**Aim of the task:** Beginning with the line that contains "Three long-sleeve cotton" in the material below, print each line exactly until the line that contains "carpeted bedroom with" has been printed, then stop.

┄┄┄┄┄┄

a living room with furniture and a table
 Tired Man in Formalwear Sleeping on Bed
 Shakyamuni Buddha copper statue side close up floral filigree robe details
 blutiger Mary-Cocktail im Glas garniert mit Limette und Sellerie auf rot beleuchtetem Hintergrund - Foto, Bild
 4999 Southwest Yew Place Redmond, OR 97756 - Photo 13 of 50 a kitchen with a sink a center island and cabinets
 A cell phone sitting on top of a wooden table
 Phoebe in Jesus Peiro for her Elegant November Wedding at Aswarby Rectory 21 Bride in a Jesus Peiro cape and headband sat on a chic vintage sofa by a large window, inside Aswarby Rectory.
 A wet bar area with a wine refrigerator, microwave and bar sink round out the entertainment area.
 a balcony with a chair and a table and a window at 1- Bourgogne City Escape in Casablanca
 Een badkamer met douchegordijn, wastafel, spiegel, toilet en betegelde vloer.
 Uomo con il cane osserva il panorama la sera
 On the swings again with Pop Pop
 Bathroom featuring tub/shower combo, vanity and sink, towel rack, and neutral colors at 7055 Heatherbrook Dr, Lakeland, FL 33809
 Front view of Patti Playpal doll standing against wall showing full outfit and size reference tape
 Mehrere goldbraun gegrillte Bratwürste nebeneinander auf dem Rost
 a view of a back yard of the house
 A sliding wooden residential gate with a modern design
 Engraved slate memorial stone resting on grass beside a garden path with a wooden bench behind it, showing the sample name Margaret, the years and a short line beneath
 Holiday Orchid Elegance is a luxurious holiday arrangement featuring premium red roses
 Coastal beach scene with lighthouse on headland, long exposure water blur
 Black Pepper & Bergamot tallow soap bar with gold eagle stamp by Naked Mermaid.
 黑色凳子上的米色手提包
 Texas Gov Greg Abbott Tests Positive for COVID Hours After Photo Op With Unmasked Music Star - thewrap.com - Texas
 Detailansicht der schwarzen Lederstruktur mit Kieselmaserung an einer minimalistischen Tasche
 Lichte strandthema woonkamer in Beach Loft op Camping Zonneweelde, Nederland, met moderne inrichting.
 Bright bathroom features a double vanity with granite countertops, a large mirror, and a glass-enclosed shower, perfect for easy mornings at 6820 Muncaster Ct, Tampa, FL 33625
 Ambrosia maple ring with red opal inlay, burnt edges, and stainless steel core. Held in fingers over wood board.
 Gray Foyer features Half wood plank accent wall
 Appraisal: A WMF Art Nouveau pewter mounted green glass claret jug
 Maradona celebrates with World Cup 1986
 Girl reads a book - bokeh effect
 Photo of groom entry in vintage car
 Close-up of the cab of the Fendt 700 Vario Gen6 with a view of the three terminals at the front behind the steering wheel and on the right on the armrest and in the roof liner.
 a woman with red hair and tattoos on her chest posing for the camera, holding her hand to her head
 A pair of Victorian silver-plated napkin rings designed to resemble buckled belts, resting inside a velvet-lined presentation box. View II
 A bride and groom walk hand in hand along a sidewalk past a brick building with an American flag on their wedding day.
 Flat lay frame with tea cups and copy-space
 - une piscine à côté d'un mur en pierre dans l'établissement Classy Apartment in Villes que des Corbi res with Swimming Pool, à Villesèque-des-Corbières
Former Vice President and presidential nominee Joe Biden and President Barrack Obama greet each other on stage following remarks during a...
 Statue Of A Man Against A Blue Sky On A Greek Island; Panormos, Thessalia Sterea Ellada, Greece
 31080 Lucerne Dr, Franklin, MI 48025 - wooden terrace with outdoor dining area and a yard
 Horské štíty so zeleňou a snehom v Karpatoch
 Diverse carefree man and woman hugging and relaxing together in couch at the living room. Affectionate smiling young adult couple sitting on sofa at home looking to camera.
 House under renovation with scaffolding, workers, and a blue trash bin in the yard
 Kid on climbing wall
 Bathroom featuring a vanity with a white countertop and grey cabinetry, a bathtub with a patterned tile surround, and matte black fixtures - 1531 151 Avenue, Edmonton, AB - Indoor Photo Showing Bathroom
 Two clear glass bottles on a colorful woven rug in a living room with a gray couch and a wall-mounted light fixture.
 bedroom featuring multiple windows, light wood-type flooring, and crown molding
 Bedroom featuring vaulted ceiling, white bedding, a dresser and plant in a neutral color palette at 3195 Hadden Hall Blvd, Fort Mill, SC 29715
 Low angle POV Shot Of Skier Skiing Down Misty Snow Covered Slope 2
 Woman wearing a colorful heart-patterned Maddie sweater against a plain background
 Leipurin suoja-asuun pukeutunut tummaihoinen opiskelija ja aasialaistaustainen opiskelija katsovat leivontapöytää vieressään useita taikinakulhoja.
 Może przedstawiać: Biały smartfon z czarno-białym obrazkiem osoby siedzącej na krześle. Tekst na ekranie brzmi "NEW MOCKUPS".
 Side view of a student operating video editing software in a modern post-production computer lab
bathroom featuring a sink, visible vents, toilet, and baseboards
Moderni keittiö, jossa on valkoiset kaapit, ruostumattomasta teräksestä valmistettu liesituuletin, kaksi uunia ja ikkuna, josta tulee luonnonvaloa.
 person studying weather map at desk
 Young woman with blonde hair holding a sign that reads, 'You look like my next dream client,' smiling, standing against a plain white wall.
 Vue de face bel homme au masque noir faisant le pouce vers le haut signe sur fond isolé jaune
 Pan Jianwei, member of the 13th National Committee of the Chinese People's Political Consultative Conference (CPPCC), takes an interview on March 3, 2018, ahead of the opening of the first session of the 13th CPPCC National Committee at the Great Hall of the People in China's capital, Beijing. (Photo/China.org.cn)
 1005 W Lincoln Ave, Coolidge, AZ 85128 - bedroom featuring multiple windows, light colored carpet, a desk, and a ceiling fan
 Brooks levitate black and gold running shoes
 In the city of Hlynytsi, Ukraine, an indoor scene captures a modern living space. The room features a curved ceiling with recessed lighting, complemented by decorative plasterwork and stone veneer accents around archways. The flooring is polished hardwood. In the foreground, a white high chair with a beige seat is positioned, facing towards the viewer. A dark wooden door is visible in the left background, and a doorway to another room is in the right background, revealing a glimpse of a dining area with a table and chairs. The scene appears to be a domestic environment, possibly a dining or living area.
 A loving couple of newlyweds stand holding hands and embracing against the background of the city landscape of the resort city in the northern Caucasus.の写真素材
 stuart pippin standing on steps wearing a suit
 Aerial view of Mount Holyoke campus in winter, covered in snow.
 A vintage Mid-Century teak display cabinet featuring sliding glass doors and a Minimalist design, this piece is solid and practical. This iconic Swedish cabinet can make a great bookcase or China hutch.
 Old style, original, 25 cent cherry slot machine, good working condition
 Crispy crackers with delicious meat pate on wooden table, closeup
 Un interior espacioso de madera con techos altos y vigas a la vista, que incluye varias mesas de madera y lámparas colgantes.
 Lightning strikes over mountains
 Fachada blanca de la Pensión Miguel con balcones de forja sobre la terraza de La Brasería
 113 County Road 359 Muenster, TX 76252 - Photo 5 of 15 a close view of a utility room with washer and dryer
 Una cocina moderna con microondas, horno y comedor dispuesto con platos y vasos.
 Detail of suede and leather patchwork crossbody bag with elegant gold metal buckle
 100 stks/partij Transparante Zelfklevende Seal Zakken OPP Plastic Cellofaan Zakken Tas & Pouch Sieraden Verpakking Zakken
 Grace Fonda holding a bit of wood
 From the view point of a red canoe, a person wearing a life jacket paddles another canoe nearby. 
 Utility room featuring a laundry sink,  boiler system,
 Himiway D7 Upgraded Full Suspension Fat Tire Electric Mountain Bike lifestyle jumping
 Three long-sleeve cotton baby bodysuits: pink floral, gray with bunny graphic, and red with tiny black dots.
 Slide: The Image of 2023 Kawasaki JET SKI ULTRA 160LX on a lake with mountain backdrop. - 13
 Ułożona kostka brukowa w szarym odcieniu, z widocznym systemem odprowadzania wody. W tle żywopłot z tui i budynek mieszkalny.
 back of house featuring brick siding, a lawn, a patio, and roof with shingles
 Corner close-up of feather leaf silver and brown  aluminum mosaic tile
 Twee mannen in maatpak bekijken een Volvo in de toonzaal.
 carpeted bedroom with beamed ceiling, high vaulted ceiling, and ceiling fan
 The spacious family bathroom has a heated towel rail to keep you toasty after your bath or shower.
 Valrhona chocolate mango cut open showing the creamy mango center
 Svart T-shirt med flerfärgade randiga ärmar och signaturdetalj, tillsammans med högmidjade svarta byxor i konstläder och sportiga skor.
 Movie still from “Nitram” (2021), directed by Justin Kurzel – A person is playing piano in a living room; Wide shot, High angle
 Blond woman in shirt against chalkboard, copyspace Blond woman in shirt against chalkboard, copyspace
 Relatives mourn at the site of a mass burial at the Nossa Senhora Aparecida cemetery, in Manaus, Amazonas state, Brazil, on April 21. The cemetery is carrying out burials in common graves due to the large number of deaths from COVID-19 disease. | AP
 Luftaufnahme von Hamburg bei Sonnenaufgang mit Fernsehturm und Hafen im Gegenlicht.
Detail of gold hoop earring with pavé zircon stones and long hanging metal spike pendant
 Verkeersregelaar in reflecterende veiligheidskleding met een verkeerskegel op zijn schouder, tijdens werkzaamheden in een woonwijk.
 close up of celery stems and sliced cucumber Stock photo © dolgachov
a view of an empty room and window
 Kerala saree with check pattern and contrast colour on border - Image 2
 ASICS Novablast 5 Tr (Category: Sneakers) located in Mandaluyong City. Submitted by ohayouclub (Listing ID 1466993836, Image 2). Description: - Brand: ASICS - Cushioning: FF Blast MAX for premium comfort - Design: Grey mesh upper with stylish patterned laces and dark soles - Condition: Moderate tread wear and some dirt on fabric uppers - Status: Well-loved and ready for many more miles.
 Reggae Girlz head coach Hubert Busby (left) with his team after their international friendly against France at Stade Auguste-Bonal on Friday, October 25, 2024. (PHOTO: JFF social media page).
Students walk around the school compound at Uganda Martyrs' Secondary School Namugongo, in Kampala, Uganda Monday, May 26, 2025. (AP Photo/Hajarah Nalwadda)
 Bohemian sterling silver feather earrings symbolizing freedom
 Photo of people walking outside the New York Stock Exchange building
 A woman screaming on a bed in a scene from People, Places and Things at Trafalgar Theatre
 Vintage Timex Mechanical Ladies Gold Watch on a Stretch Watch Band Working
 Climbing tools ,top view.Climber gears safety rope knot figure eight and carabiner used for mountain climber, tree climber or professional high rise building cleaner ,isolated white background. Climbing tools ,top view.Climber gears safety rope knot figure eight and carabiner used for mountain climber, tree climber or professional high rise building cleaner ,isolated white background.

┄┄┄┄┄┄

**Finished exercise:**
 Three long-sleeve cotton baby bodysuits: pink floral, gray with bunny graphic, and red with tiny black dots.
 Slide: The Image of 2023 Kawasaki JET SKI ULTRA 160LX on a lake with mountain backdrop. - 13
 Ułożona kostka brukowa w szarym odcieniu, z widocznym systemem odprowadzania wody. W tle żywopłot z tui i budynek mieszkalny.
 back of house featuring brick siding, a lawn, a patio, and roof with shingles
 Corner close-up of feather leaf silver and brown  aluminum mosaic tile
 Twee mannen in maatpak bekijken een Volvo in de toonzaal.
 carpeted bedroom with beamed ceiling, high vaulted ceiling, and ceiling fan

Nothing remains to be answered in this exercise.